The house-to-house visit program has already made 43,000 visits, Nicaragua’s state-owned media El 19 Digital reported on June 1. However, the visits are to guarantee social control, to bring the country “to absolute control, typical of a totalitarian regime,” Carrión said.
“Murillo calls acts of repression and intimidation a visit. They visit house to house to bring the message of peace. Where have we seen that the police are visitors to bring the message of peace of a state?” Carrión said. According to Despacho 505 news site, informants that the regime has in all neighborhoods pass on information prior to the visits.
In that same vein, police agents threaten to arrest opponents who criticize the regime on social networks, who react with sarcasm to the projects it develops and offers or describe the socio-political crisis Nicaragua has been experiencing since April 2018, Mexican newspaper Crónica reported.
The Ortega-Murillo regime “prioritizes repression, even though it talks about dialogue and reconciliation. Even when there are no protests in the country’s streets, authorities continue to repress as if the people were protesting,” Carrión said.
Evil manuals
Carrión believes that the repressive methods of the Ortega-Murillo regime are duplicates of those used by their authoritarian allies: China, Cuba, Iran, Russia, and Venezuela. “I think there is an effort to take a bit of all repressive models […], just as Hitler did,” he said.
“For the regime we do not exist, they have erased us.
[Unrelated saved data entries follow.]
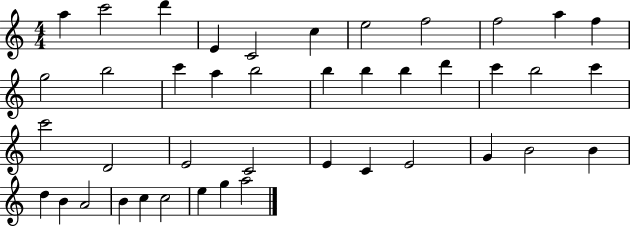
X:1
T:Untitled
M:4/4
L:1/4
K:C
a c'2 d' E C2 c e2 f2 f2 a f g2 b2 c' a b2 b b b d' c' b2 c' c'2 D2 E2 C2 E C E2 G B2 B d B A2 B c c2 e g a2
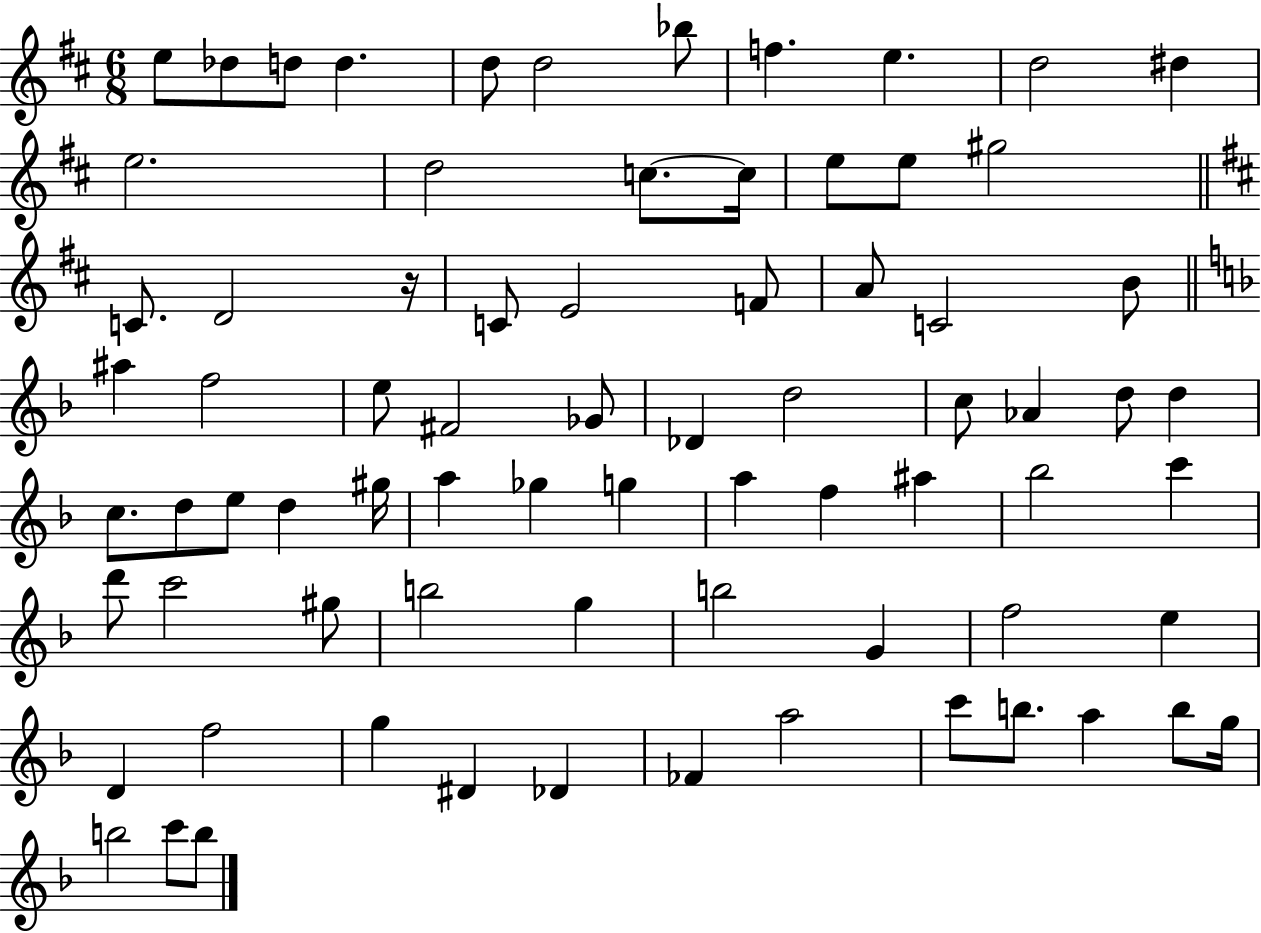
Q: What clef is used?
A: treble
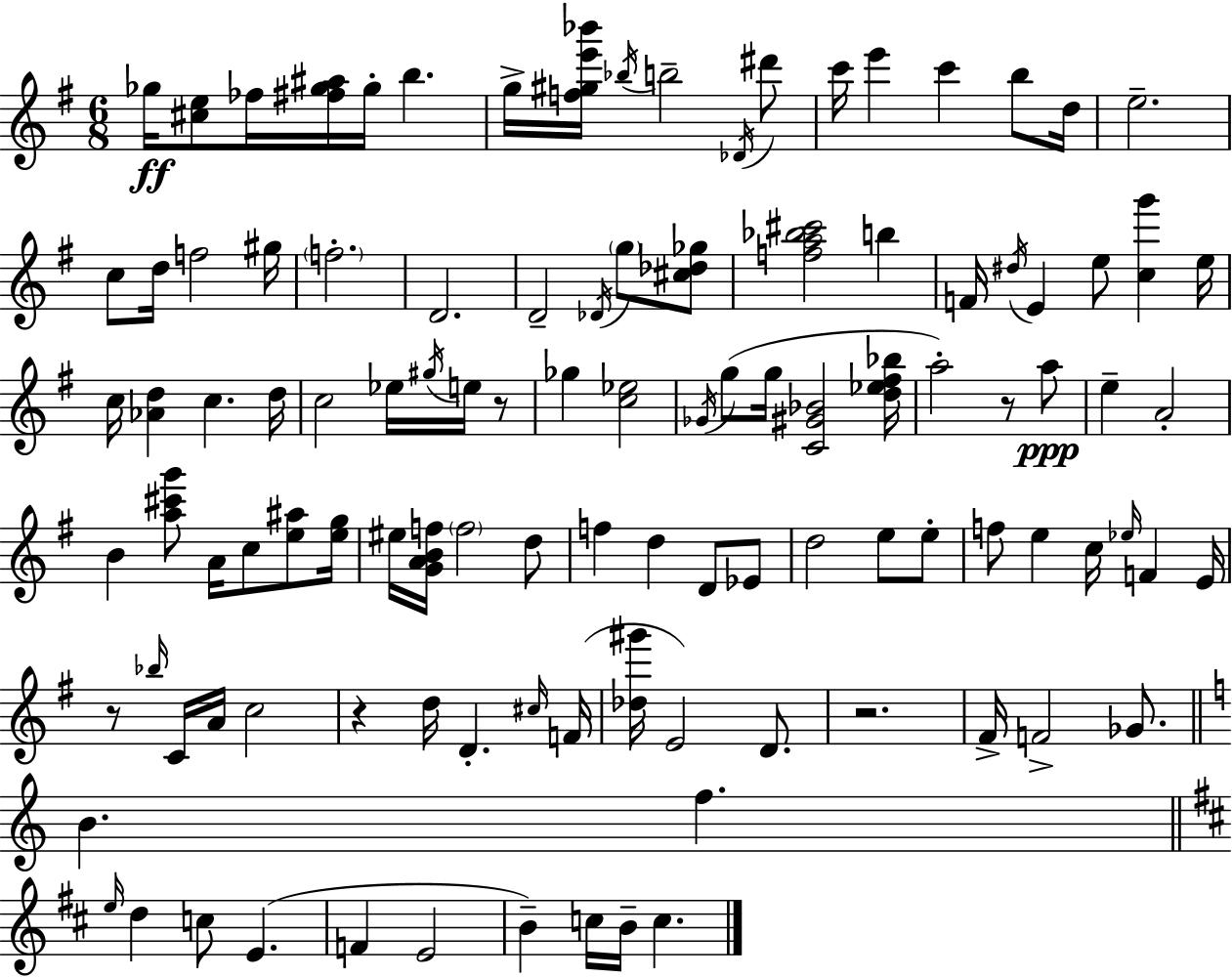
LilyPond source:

{
  \clef treble
  \numericTimeSignature
  \time 6/8
  \key e \minor
  ges''16\ff <cis'' e''>8 fes''16 <fis'' ges'' ais''>16 ges''16-. b''4. | g''16-> <f'' gis'' e''' bes'''>16 \acciaccatura { bes''16 } b''2-- \acciaccatura { des'16 } | dis'''8 c'''16 e'''4 c'''4 b''8 | d''16 e''2.-- | \break c''8 d''16 f''2 | gis''16 \parenthesize f''2.-. | d'2. | d'2-- \acciaccatura { des'16 } \parenthesize g''8 | \break <cis'' des'' ges''>8 <f'' a'' bes'' cis'''>2 b''4 | f'16 \acciaccatura { dis''16 } e'4 e''8 <c'' g'''>4 | e''16 c''16 <aes' d''>4 c''4. | d''16 c''2 | \break ees''16 \acciaccatura { gis''16 } e''16 r8 ges''4 <c'' ees''>2 | \acciaccatura { ges'16 } g''8( g''16 <c' gis' bes'>2 | <d'' ees'' fis'' bes''>16 a''2-.) | r8 a''8\ppp e''4-- a'2-. | \break b'4 <a'' cis''' g'''>8 | a'16 c''8 <e'' ais''>8 <e'' g''>16 eis''16 <g' a' b' f''>16 \parenthesize f''2 | d''8 f''4 d''4 | d'8 ees'8 d''2 | \break e''8 e''8-. f''8 e''4 | c''16 \grace { ees''16 } f'4 e'16 r8 \grace { bes''16 } c'16 a'16 | c''2 r4 | d''16 d'4.-. \grace { cis''16 } f'16( <des'' gis'''>16 e'2) | \break d'8. r2. | fis'16-> f'2-> | ges'8. \bar "||" \break \key c \major b'4. f''4. | \bar "||" \break \key d \major \grace { e''16 } d''4 c''8 e'4.( | f'4 e'2 | b'4--) c''16 b'16-- c''4. | \bar "|."
}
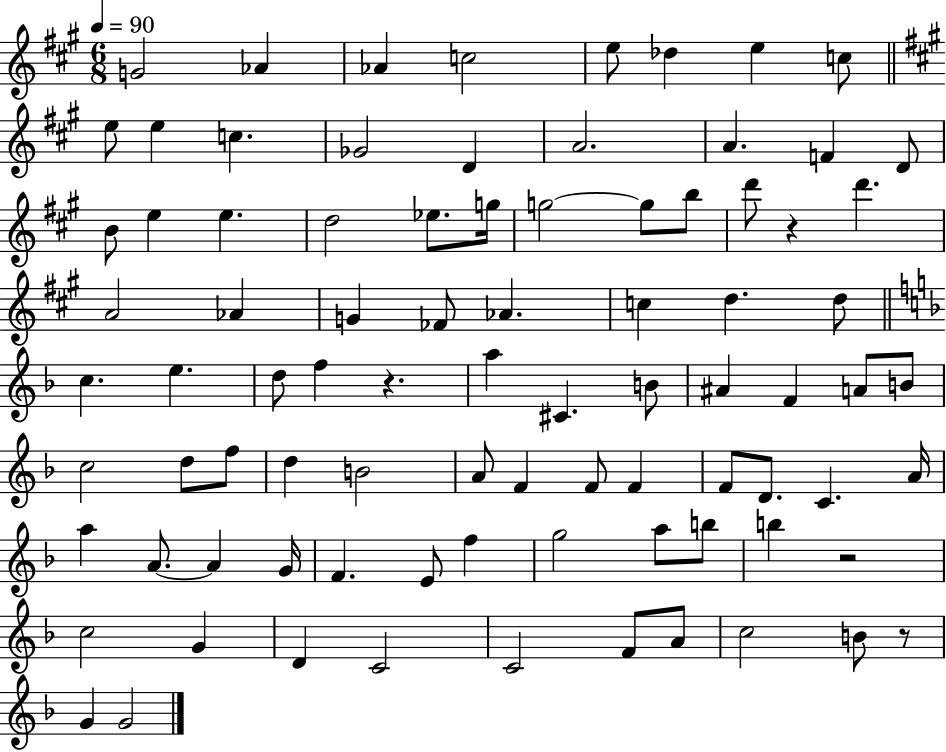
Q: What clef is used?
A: treble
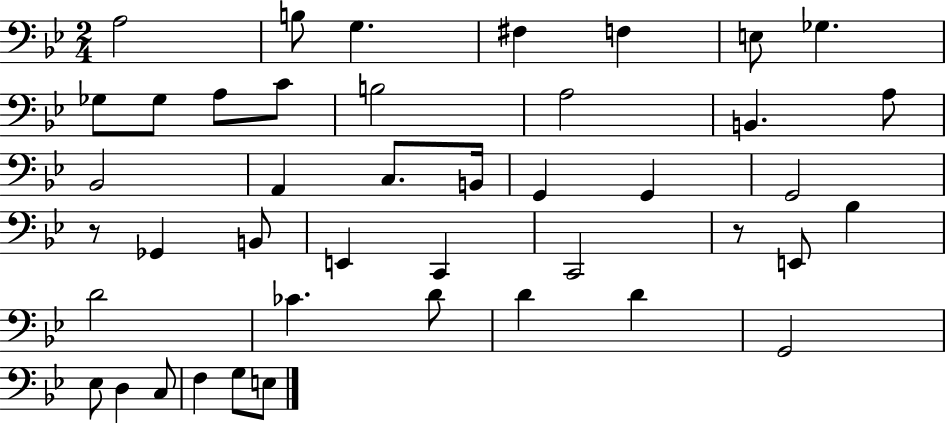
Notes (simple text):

A3/h B3/e G3/q. F#3/q F3/q E3/e Gb3/q. Gb3/e Gb3/e A3/e C4/e B3/h A3/h B2/q. A3/e Bb2/h A2/q C3/e. B2/s G2/q G2/q G2/h R/e Gb2/q B2/e E2/q C2/q C2/h R/e E2/e Bb3/q D4/h CES4/q. D4/e D4/q D4/q G2/h Eb3/e D3/q C3/e F3/q G3/e E3/e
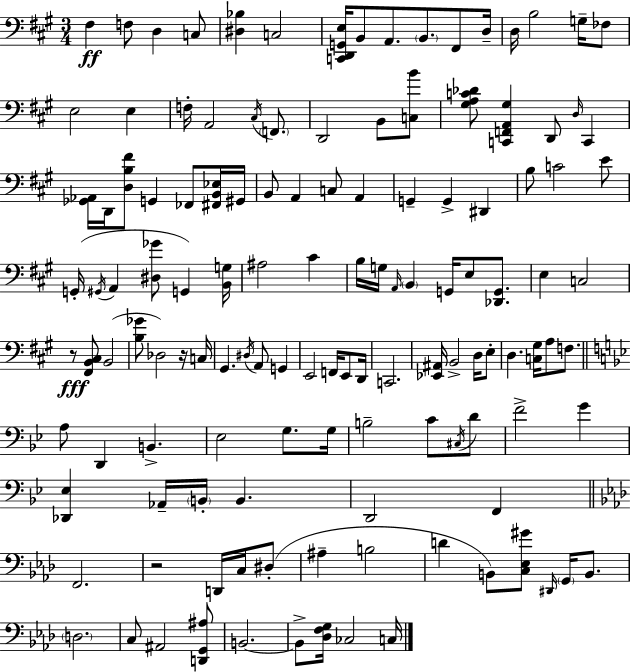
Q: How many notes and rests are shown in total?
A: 128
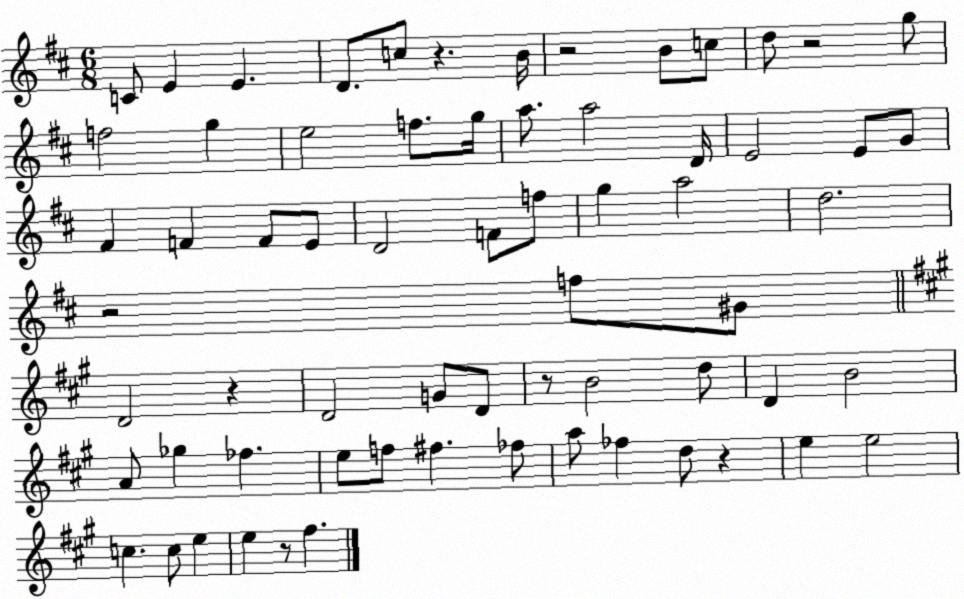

They use the manuals of evil for repression, control of the population, and social control, to silence and create terror,” Carrión said. “The totalitarian model is being implemented with all the schools of evil, to uproot any sign of the exercise of citizenship.”
“In the midst of the 21st century we have rooted in the center of the Americas a family that intends to impose itself in perpetuity as a dynasty in power,” Carrión added.
“I call on democratic states to be more forceful, as when the Somoza dictatorship fell,” Carrión concluded. “The people of Nicaragua urgently need a more forceful and coherent backing from the entire international community, to put an end to this painful violation of human rights and crimes against humanity against its citizens.”